# Need some milling machine info



## killswitch505 (May 29, 2017)

so....... I traded my Harley for a mill and lathe. I've had a lot  success with my lathe not so much with my mill.... I'm basically using it as a big drill press. What books do y'all  recommend? The mill seems frustrating I want to make gun smithing jigs but I find I've gotta make jigs to make jigs to mak jigs to make jigs. From what I'm seeing I'll be money a head if I install a dro but damn 800 bucks buys a lot of tooling seems to me if I'm wanting to drill 4 holes in a row I'm gonna need a dro.


----------



## Silverbullet (May 29, 2017)

Do you do any lay out , or just do it. You can use indicators to get positions , edge finder to center up or locate a starting point . I'm old school and do layouts on the piece using dykem and squares and scribed, center punch hole marks. Set stops and use measuring blocks as spacers for hole set ups.
Watch some YouTube of Mr Pete , but he even uses the dro  now, but he does use layout lines with red dykem to show how. There are some basic methods taught on there to by others .
Oh you can get China dro for around $280.00 for x y z three reader heads .


----------



## British Steel (May 29, 2017)

Hi KS,
What SB said, careful layout and remember to always approach the positions in the same direction to allow for backlash if you're measuring using the dials - second nature on the lathe, but stumped me when I first got on a mill! For aligning with scribed and / or punched locations, a "sticky pin" or centre finder really helps, or if you're keen there are centring microscopes that fit on a stub into a collet (mine's by Moore Precision Tools, made in Japan, has a graticle with cross-hairs and concentric 0.001" circles - the idea should be familiar to any gun nut using similar!).

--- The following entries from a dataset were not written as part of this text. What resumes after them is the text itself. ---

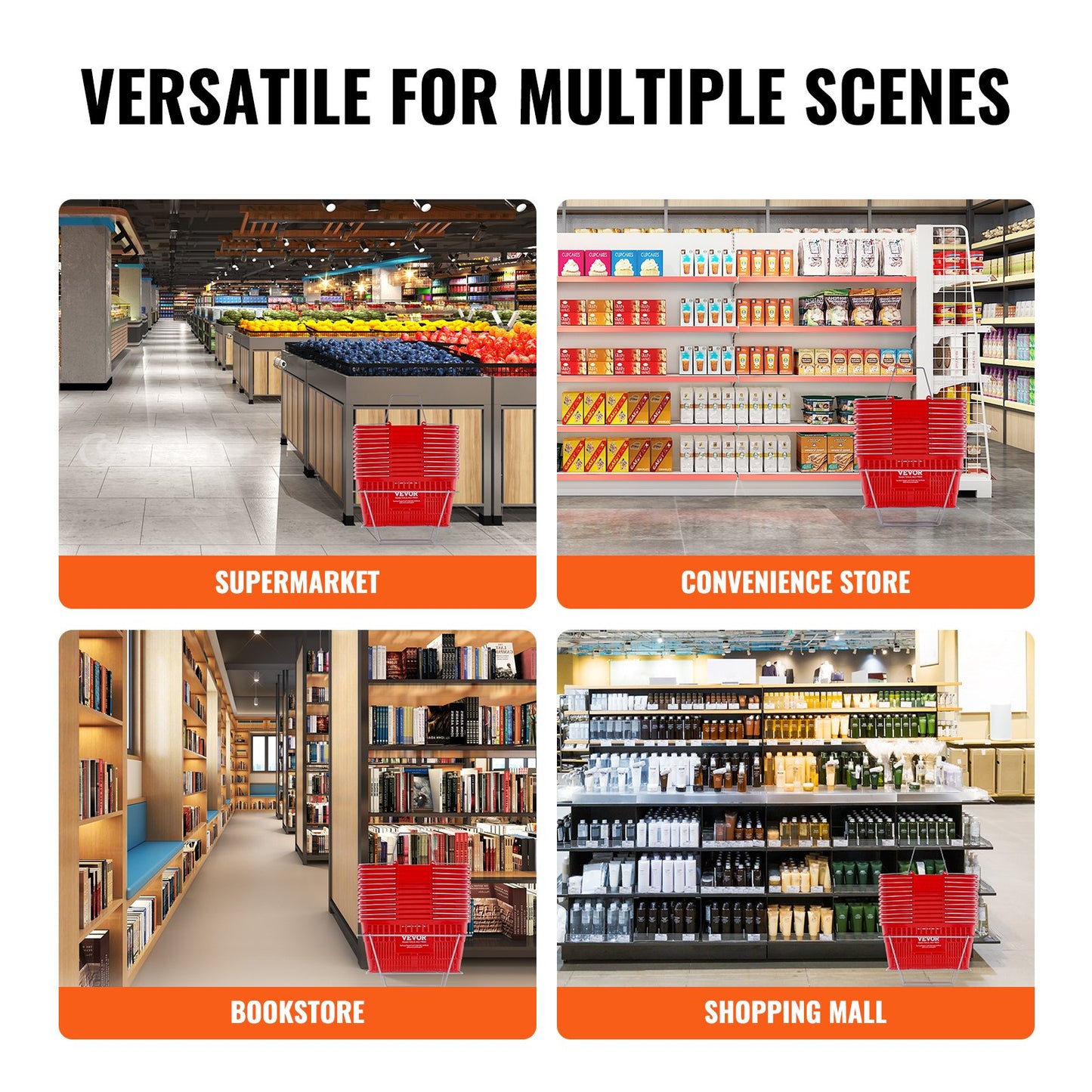 Varukorg Livsmedelskorg 12 STK 21L med järnhandtag & Stativ Röd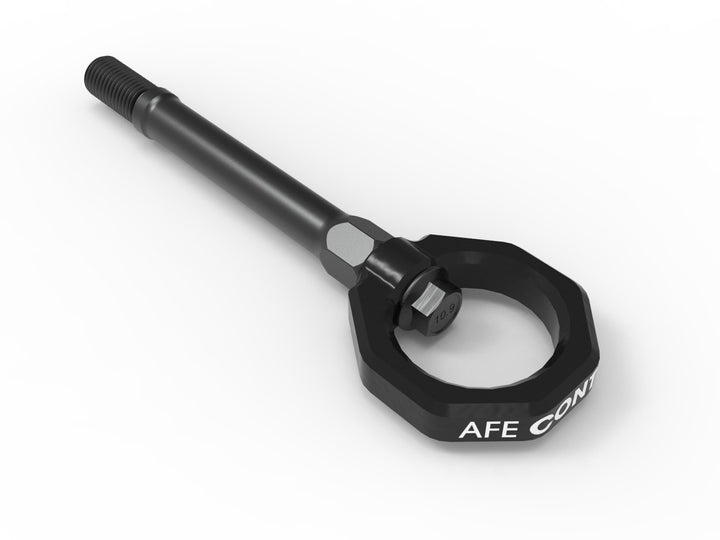 C8 Corvette aFe CONTROL front tow hook in black powder coat, part 450-401014-B
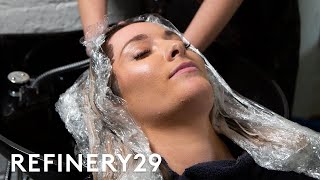 This Mushroom Brown Hair Transformation Is Super Relaxing  Hair Me Out  Refinery29 [upl. by Blackman]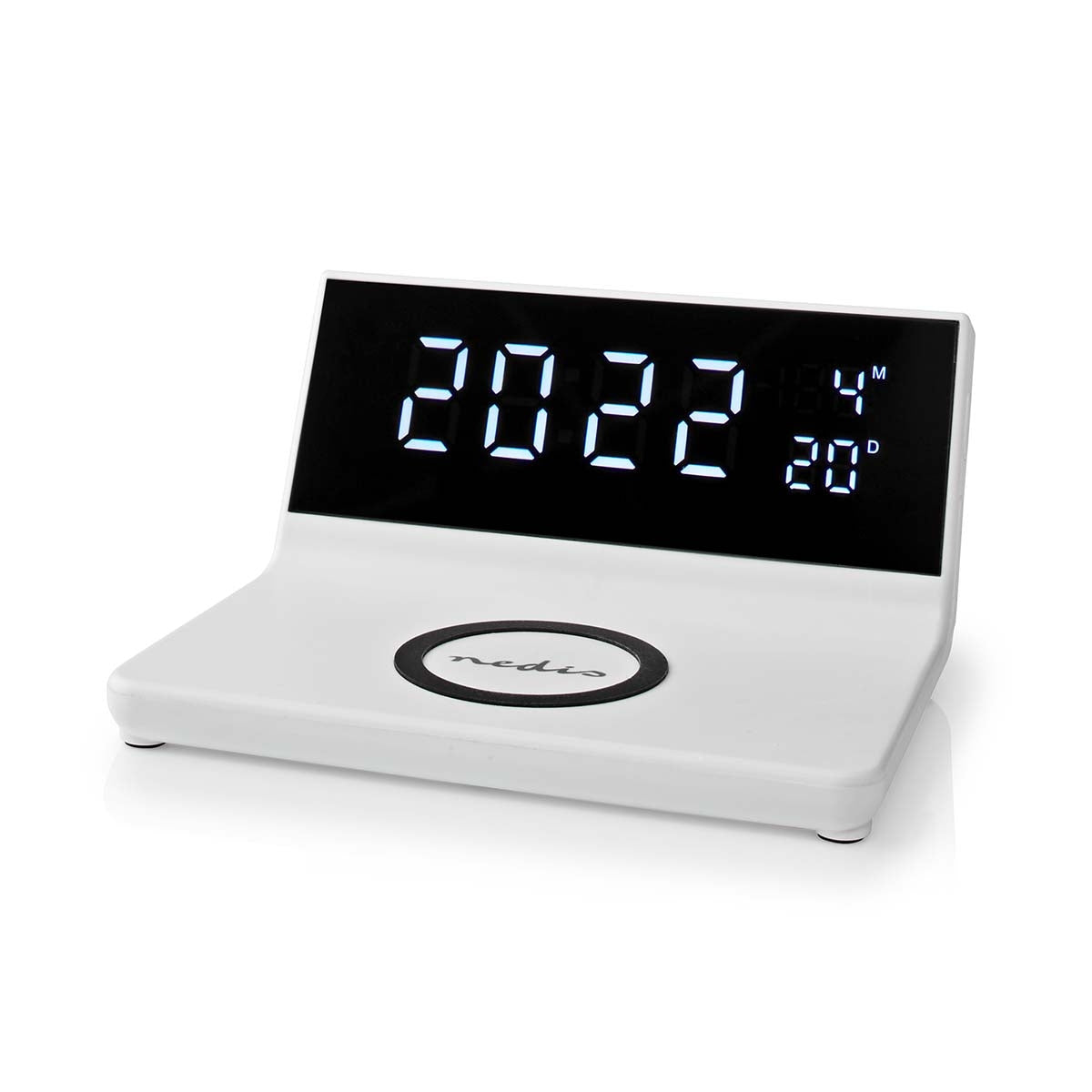Wireless Charger for Alarm Clock | Qi certified | 5 / 7.5 / 10 / 15 W | USB A Male | 2 Alarm times | Snooze function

I've managed without a DRO so far, with careful layout and a keen eye, but I'm considering one for the new (to me) mill, it's 50+ years old and has some wear on leadscrews etc. - the Chinese ones work ok if they make it through the first month  or three, and they're available with more accurate scales (to 0.001mm, a little less than half a tenth) For a Few Dollars More*... Also they have Useful Functions, like bolt circles, tool offsets, edge rounding etc. which can make life easier 

Dave H. (the other one)

* Ding ding-a-ding ding-a-ding ding-a-ding diing


----------



## killswitch505 (May 29, 2017)

Silverbullet , so far I'm just kinda doing it but I've not done much just making whatever I need to do work. I sucks having a machine that's capable of doing to much. Being an electrician I've probably hooked up or worked on no less than 15 Half a million dollar plus CNC machines I can say I've met a bunch of machinists all are more or less just geared to their type of work mainly CNC. There is a local guy that's supposed to be a mill guru I'm trying to get some time with the guy. I work a super crazy job it's going to be tough to find time with the guy. As soon as I respond to this post I will check out Mr. Pete. I'll also check out China Dro. And see what I can find. Thank you for the reply. 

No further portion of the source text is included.